CTT takes into account a "testtaker true score on a test that would be obtained but for the action of measurement error" (Cohen, Swerklik, &Sturman, 2013, p. 123). The second theory to evaluate test fairness is IRT. It should be noted that IRT is not a "single theory or method" (Cohen et al., 2013, p. 168). They are over 100 types of IRT models that differentiate specific approaches (Cohen et al., 2013). Item Response Theory is also referred as latent-trait theory or latent-trait model. IRT is a system of expectations "about measurement and the extent to which each test item measures the trait" (Cohen et al., 2013, p. I-15).
When dealing with issues of test fairness, the IRT is the preferred theory for several reasons. The IRT is able to utilize information curves to adapt tests more precisely to the individuals being tested (Cohen et al., 2013). In this way, the most effective information can be garnered from a test without the laborious superfluity of a prescribed format.

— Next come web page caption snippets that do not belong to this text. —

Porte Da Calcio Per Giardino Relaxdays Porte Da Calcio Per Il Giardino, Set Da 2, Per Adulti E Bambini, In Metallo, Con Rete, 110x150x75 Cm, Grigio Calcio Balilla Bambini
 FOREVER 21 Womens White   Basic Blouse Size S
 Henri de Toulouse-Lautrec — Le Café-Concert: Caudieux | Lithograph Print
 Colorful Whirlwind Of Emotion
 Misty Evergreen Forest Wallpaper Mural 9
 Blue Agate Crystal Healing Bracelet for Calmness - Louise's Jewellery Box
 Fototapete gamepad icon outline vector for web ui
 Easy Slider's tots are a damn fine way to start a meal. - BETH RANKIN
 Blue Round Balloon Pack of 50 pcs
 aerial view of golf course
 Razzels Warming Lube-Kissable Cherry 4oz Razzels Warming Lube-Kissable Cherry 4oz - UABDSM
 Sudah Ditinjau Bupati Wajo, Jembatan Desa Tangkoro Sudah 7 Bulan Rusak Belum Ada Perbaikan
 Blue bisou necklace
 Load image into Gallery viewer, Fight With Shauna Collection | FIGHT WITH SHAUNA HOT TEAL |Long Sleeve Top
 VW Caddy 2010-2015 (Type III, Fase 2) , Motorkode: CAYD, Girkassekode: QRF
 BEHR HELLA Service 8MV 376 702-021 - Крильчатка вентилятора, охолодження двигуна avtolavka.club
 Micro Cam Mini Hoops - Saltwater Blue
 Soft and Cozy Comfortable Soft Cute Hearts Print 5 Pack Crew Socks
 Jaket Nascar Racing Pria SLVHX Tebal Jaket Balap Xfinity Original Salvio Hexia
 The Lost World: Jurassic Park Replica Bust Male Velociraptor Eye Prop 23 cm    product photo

IRT information curves assist in removing the biases of the CTT wherein difficulty levels fluctuate depending upon the people being tested (Cohen et al., 2013). Also, differential item functioning (DIF) helps to increase fairness be reducing variables resulting from culture, age, gender, linguistics, etc. (Cohen et al., 2013). Rather than an overarching formula being applied to vastly different populations, IRT allows test developers to tailor tests around the traits of the individuals being tested.
IRT tests also undergo a rigorous process of developing item banks, reviews, and tests before the finished test is implemented (Figure 8-7) ( Cohen et al., 2013, p. 284). In sum, the mutability and soundness of IRT in shaping, implementing, and analyzing tests helps to reduce biases which could be inherent in standardized classical tests. Therefore, the IRT is the preferred theory for responding to questions about fairness in testing.
Classical Test Theory (CTT) has been advantageous and broadly applicable because "most researchers are familiar with this basic approach" and "many data analysis and statistics-related software packages are built" from its perspective (Cohen et al., 2013, p. 281). Aside from its relative ubiquity in the realm of testing, CTT benefits from small samples sizes and "simple mathematical models." (Table 8-4) (Cohen et al., 2013, p. 282). On the other hand, CTT tests can often be long with each test item contributing unequally to the final test score.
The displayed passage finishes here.